GHCN is comprised of around 7,000 station records at 4,500 different locations. The station records span the period from 1700 to present. GHCN contains a well-enough distributed sample of stations after 1880 to allow a reconstruction of global temperature.
Recent work by an amateur science blogger and software engineer named Ron Broberg has dramatically expanded the number of stations available. Broberg’s work involved parsing daily temperature data from 10,000 additional stations in NOAA’s Global Summary of Day (GSOD) network into a form readily usable for climate analysis.
The data can be used to fill in some of the regional gaps in GHCN that have cropped up in recent years as the number of stations available decreased. It can also be used as an independent check that temperature reconstructions produced using GHCN data are in-line with raw data from other stations.
Spurred by Citizen Scientist Suggestion
Broberg was inspired to undertake the project by a remark made by climate scientist Gavin Schmidt of the NASA Goddard Institute of Space Studies. Schmidt remarked that:
If people were looking for a “citizen science” project to work on, coming up with a way for the SYNOP data (available via WeatherUnderground etc.) to be made commensurate with the CLIMAT data (available via GHCN), would be a great one. There are some subtleties involved (definitions of daily and monthly means vary among providers), but that would provide an interesting back-up and comparison to the CLIMAT-derived summaries from GISTEMP, HadCRU or NCDC.
GSOD is a compilation of SYNOP data available from 1929 to present, though coverage is quite poor prior to 1973. After 1973, however, GSOD contains many times more station data than does GHCN, and the GSOD data is reasonably well distributed across the globe, as illustrated by the graphic below.
GSOD data can be used to reconstruct global and regional temperatures and compare the results to traditional GHCN-based reconstructions. The figure below shows the number of stations globally available in GSOD and GHCN for each year:
The number of GSOD stations available significantly exceeds GHCN stations after 1992, when GHCN last undertook a major retroactive compilation of station records (It is worth noting that GHCN version 3.1, currently in the works, will update the records to include data up to the present for many of these stations). Scientists can use GSOD as a further demonstration that the “station dropoff” in GHCN has had no major effect on the temperature record.
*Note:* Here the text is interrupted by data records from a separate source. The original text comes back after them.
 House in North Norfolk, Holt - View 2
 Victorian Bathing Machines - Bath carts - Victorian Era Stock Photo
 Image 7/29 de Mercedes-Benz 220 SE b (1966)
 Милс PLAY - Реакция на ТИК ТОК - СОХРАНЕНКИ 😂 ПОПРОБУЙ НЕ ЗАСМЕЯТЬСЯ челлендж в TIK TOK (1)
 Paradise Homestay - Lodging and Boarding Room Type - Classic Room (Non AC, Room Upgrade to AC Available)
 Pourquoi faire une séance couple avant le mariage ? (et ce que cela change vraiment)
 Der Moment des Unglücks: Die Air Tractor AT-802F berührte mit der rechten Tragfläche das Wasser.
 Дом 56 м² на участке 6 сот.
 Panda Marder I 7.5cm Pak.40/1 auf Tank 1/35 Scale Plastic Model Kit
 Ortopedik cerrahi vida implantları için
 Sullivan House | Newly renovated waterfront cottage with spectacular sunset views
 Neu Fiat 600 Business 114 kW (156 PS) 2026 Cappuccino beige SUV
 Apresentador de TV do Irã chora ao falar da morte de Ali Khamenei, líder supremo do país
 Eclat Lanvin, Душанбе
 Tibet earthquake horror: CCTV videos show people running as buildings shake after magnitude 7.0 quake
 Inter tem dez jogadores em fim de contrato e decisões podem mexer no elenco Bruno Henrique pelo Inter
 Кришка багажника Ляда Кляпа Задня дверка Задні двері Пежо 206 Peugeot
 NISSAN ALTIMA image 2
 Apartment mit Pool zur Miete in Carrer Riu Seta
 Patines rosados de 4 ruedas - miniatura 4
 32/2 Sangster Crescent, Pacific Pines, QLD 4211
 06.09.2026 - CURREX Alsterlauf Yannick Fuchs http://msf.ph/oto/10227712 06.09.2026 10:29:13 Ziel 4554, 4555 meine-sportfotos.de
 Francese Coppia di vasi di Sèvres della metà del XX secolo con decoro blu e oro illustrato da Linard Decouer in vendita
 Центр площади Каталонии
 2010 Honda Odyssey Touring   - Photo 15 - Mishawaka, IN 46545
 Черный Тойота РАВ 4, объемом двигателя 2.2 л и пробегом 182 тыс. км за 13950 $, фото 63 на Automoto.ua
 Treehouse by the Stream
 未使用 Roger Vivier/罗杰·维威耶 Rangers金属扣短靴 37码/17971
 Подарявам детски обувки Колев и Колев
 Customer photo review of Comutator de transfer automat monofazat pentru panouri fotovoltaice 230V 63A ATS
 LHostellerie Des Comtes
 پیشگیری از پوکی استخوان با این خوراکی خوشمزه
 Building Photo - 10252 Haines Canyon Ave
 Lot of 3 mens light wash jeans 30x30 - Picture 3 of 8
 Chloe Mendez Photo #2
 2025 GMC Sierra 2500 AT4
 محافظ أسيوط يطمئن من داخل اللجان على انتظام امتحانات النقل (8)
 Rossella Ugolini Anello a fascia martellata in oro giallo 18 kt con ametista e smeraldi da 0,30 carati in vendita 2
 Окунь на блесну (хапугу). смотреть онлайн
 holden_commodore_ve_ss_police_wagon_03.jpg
The chart below shows global temperature reconstructions using GHCN data and GSOD data post-1973, when the number of stations available in GSOD became comparable to GHCN. While the GSOD record runs slightly colder than GHCN, the results are quite similar.
The scientific community also can also look at GSOD data in regions where GHCN may have limited coverage. In the Arctic, for example, GSOD has had three to four times as many stations available over the past 30 years. The figure below compares both the temperature record and the number of stations available for the Arctic in both GHCN and GSOD:
Researchers and science bloggers are just starting to see what they can do with these alternative datasets, and initial results should be interpreted with great caution until more work has been done to ensure that GSOD stations selected meet the same level of quality control that has been applied to GHCN.
That said, the initial results show that temperatures independently reconstructed from raw GSOD data are closely in-line with the major GHCN-based land temperature series. If that remains the case over time, it might still some of the concerns critics have expressed that over-reliance on the same GHCN underlying station data is a major concern.